One of those I've already announced in the new performance partnership for education and job training, part of our Middle Class Bill Of Rights. We propose to collapse 70 separate programs to make them more efficient and effective -- a GI Bill for America's workers who need new skills to meet the demands of changing times. State and local governments will have broad flexibility to help meet those needs, but we propose not jut to give this money back to state training programs, but instead to let the workers themselves get a voucher and choose where they want to go. Almost every American is now within driving distance of a community college, or some other kind of high training program with a proven rate of success, far better than anything we need to design. So we ought to put more power not only back to the local level, but also directly into the hands of citizens for the purposes that are plainly in the national interest. (Applause.)

In public health, we want to consolidate 108 programs into 16 performance partnerships, to abolish a dozen environmental grants and give you more power to achieve environmental goals. (Applause.) And I guess in parenthesis, I thank Governor Carper for his repeated lectures to me on that subject, citing the Delaware example. We want to continue to combine the 60 HUD programs into three. The federal government has worked in one way for decades. Now it is time to try a new way -- a way that is proven in its performance in the private sector. It's time for these and other changes, and many of them are drawn directly from your own experience in your own laboratories of democracy.

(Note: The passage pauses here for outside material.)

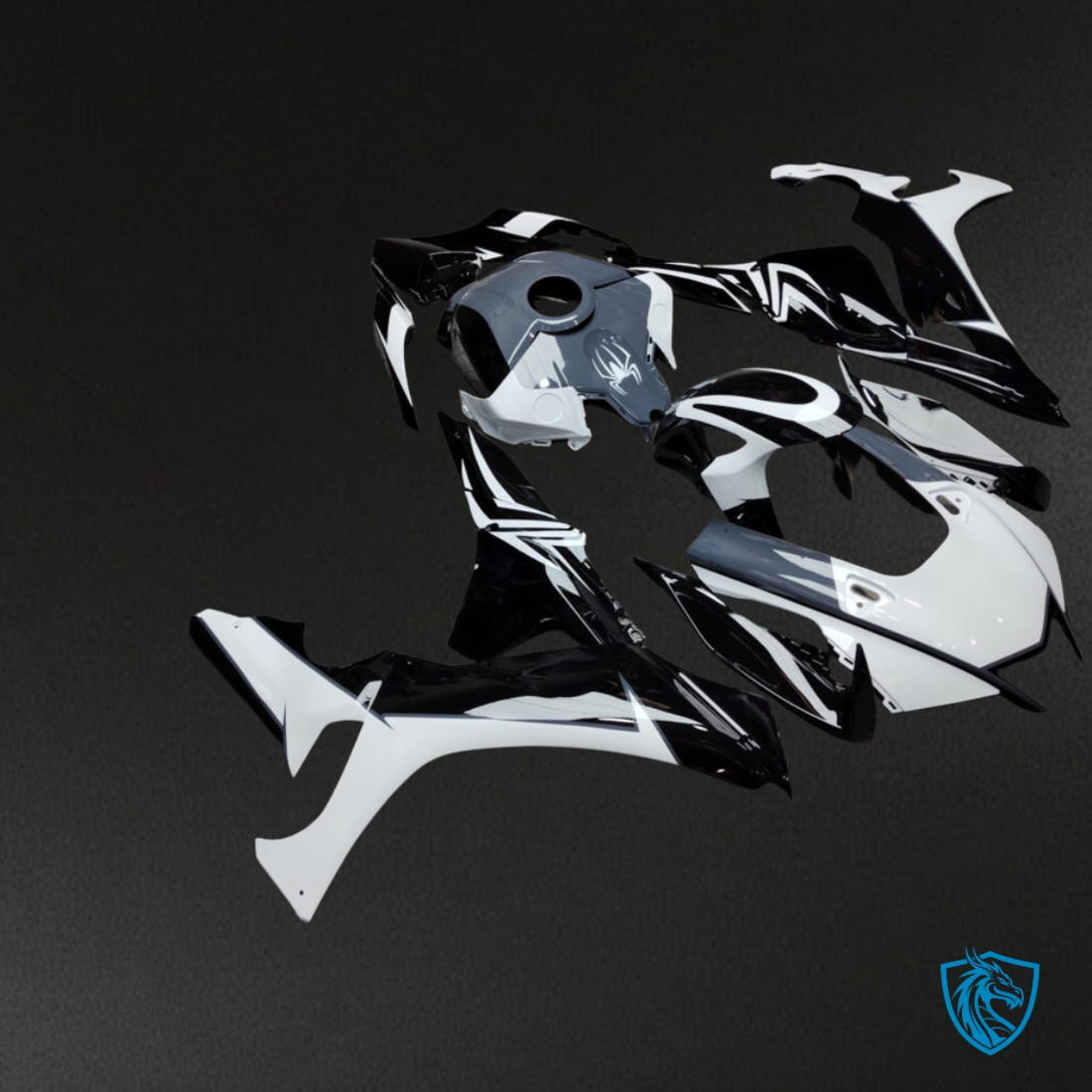Yamaha R1 (2020-2025) Gloss Black & White ABS Fairings - Aftermarket ABS Bodywork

When our country was founded, the founders rejected government based on central control and distrust of people. Our Constitution provides a few profound guiding principles. It puts deep trust in the American people to use their common sense to create a shared vision, not a centralized vision, and to give life to those ideals. We have to take advantage of this rare moment to renew that idea, to reshape the relationship between the national government and the states. The American people have voted twice in the last two elections for dramatic change in the way our country works. They want more for their money; better schools; safer streets; better roads; clean environment. But they want a greater say in how this work is done, and they don't want the federal government to do what can better be done by private citizens themselves or by government that is closer to them.

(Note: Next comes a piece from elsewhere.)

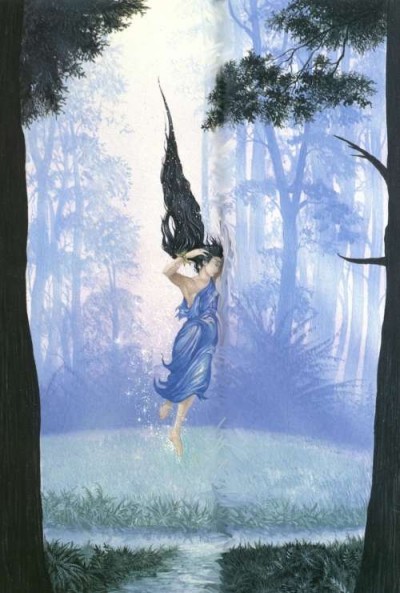 Luthien in the woods - Roger Garland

They also have a deep feeling about our national commitment and our national responsibilities and our national interest -- things like the welfare of our children; the future of our economy; our obligations to our seniors. They know that we can meet these national obligations and pursue our national interest with a dramatic devolution of power and responsibility and opportunity to the state governments of this land. I look forward to making all this happen with you. Thank you very much. (Applause.)